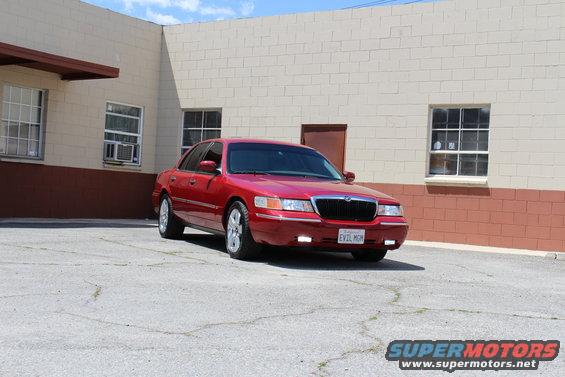 Red 2002 Mercury Grand Marquis parked in front of a brick building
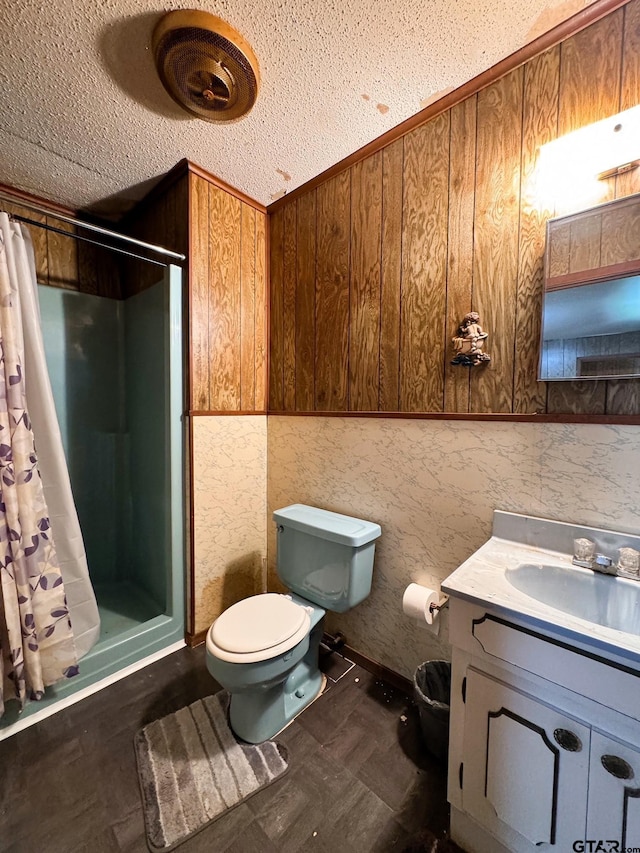 bathroom with wood-type flooring, toilet, curtained shower, a textured ceiling, and vanity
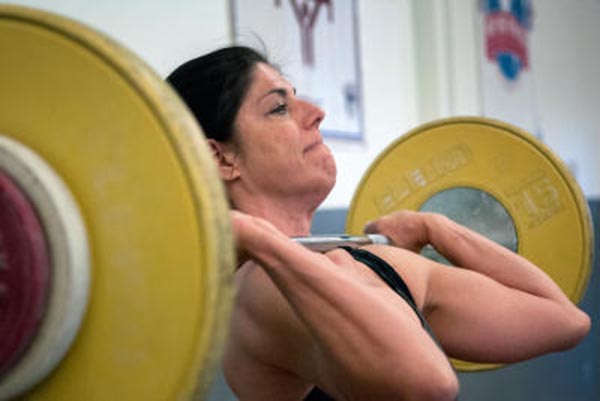 Jodi Stumbo, who completed a sweep of a Grand Slam of lifting events recently, works on her form at Miller’s Gym.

☆ ☆ ☆

_Goal of the exercise_. Restate all of the material above word for word. Pictures do not belong in it.

_Solution below_.
 Red 2002 Mercury Grand Marquis parked in front of a brick building
 bathroom with wood-type flooring, toilet, curtained shower, a textured ceiling, and vanity
 Jodi Stumbo, who completed a sweep of a Grand Slam of lifting events recently, works on her form at Miller’s Gym.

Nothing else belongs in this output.